As my companion at the 12 Years screening remarked, McQueen might have done better to have tackled slavery in an altogether tougher way - for example by looking at its contemporary incarnations. Authors like Kevin Bales have talked about the new slavery of debt bondage and contract slavery, and in the hyper-modern environs of Qatar Amnesty has recently exposed how migrant workers from Nepal and India are forced to labour over glitzy World Cup projects while being "treated like cattle".

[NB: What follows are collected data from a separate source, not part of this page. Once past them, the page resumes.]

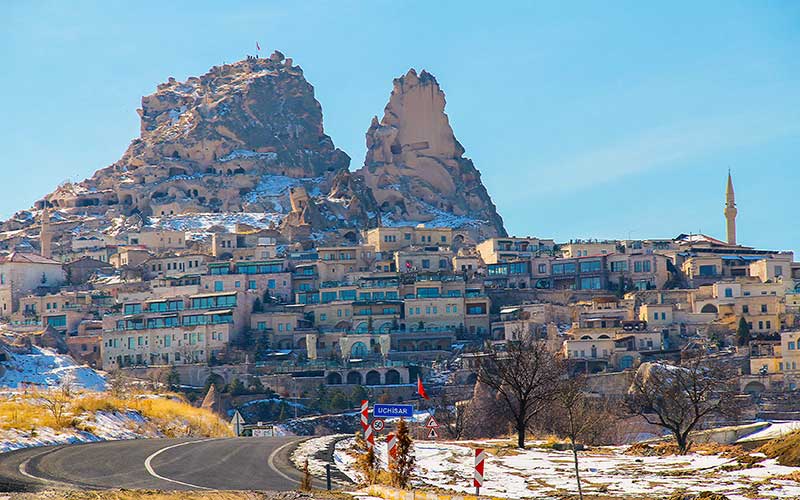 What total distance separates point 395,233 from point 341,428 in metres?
55.2

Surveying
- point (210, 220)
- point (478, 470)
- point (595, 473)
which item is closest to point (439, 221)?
point (210, 220)

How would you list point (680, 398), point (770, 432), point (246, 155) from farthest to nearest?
1. point (246, 155)
2. point (680, 398)
3. point (770, 432)

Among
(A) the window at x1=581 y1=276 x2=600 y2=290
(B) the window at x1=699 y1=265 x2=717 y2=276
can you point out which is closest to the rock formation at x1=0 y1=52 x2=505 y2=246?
(A) the window at x1=581 y1=276 x2=600 y2=290

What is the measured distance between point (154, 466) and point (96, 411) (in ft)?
53.1

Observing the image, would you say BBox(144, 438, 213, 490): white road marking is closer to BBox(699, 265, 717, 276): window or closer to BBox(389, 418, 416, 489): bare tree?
BBox(389, 418, 416, 489): bare tree

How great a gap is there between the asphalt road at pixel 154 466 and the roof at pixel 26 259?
99.1 meters

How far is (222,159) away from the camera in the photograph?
187250 mm

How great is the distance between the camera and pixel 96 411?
175ft

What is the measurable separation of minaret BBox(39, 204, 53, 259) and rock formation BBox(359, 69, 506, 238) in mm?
38351

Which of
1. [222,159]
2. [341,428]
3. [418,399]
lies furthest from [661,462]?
[222,159]

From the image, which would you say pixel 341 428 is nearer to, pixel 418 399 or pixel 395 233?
pixel 418 399

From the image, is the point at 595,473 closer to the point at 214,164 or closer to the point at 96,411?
the point at 96,411

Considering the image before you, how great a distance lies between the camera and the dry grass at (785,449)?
119 ft

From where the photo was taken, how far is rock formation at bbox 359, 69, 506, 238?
181 metres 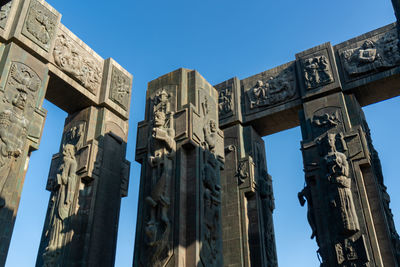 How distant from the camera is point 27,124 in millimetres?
12680

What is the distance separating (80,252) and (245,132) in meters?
8.01

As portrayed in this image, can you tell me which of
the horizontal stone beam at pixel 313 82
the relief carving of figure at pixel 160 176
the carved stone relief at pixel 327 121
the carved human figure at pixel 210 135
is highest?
the horizontal stone beam at pixel 313 82

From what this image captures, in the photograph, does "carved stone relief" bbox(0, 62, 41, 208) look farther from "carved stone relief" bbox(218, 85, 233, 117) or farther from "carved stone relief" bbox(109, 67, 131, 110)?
"carved stone relief" bbox(218, 85, 233, 117)

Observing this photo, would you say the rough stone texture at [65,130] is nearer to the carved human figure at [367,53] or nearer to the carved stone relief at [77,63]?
the carved stone relief at [77,63]

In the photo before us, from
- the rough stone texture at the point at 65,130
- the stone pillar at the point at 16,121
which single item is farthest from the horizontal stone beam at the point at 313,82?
the stone pillar at the point at 16,121

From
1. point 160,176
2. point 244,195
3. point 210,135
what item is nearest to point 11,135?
point 160,176

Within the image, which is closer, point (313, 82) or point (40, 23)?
point (40, 23)

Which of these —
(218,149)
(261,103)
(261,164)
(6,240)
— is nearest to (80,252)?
(6,240)

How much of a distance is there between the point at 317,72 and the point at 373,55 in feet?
6.81

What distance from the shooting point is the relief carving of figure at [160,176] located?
1068cm

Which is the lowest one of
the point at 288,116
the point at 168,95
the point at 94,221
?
the point at 94,221

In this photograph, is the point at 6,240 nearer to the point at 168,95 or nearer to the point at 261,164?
the point at 168,95

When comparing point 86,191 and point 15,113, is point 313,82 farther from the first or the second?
point 15,113

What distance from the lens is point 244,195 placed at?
51.3ft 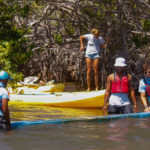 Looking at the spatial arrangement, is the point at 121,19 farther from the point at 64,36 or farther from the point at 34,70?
the point at 34,70

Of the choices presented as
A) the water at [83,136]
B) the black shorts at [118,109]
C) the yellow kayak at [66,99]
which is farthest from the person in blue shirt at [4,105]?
the yellow kayak at [66,99]

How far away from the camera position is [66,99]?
412 inches

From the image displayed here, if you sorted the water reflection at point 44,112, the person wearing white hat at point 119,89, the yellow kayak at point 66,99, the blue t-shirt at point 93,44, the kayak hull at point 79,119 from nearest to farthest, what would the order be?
the kayak hull at point 79,119
the person wearing white hat at point 119,89
the water reflection at point 44,112
the yellow kayak at point 66,99
the blue t-shirt at point 93,44

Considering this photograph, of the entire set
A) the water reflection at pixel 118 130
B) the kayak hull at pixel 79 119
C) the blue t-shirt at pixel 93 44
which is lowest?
the water reflection at pixel 118 130

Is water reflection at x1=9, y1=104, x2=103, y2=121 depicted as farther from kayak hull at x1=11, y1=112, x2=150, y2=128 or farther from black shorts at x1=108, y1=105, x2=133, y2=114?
black shorts at x1=108, y1=105, x2=133, y2=114

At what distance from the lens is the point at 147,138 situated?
6273 mm

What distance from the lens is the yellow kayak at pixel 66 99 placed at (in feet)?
33.2

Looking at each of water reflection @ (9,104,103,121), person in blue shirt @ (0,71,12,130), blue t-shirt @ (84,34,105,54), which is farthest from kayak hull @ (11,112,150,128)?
blue t-shirt @ (84,34,105,54)

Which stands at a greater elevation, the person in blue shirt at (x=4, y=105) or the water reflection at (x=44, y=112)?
the person in blue shirt at (x=4, y=105)

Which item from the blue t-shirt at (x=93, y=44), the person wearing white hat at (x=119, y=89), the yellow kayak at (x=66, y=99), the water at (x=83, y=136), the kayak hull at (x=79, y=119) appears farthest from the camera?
the blue t-shirt at (x=93, y=44)

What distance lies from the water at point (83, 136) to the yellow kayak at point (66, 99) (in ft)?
8.77

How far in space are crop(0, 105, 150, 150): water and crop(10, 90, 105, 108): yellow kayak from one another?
2.67 m

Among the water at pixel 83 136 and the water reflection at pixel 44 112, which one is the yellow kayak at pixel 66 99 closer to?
the water reflection at pixel 44 112

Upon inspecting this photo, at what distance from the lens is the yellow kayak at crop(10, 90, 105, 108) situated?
33.2ft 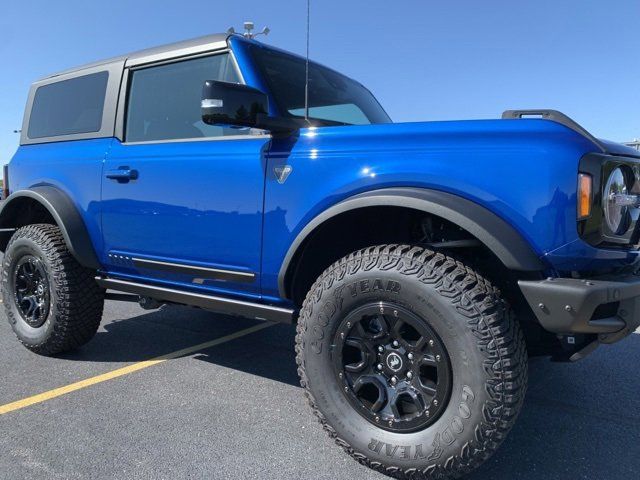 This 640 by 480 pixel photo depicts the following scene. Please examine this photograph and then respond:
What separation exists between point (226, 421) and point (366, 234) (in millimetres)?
1249

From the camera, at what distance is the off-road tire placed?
352 centimetres

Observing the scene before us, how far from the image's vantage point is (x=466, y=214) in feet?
6.56

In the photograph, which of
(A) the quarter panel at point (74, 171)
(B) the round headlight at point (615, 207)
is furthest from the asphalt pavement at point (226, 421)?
(B) the round headlight at point (615, 207)

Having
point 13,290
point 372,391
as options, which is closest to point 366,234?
point 372,391

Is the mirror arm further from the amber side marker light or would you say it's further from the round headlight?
the round headlight

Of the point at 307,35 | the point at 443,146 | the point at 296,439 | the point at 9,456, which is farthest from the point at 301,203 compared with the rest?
the point at 9,456

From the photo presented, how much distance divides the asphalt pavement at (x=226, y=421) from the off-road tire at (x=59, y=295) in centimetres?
17

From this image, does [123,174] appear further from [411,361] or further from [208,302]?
[411,361]

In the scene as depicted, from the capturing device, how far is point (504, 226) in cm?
196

I began this post by mentioning a bus, and that's how I'll end it. On the way home from the 12 Years screening I found myself witnessing a confrontation on the upper deck of my bus between a hostile man of Afro-Caribbean appearance and another man of (roughly) North African appearance. The first said to the other: "Get out of my way, you fucking Arab". The second (himself apparently drunk) said: "I am not an Arab. I am an Ethiopian. The original man!" This - just about - led to a defusing of the situation and even elicited cheers from some of the other passengers. Racism, the African continent, ethnic belonging, migration and common humanity: this little incident was strangely more meaningful than McQueen's much-fêted film. Still, go and see 12 Years a Slave anyway.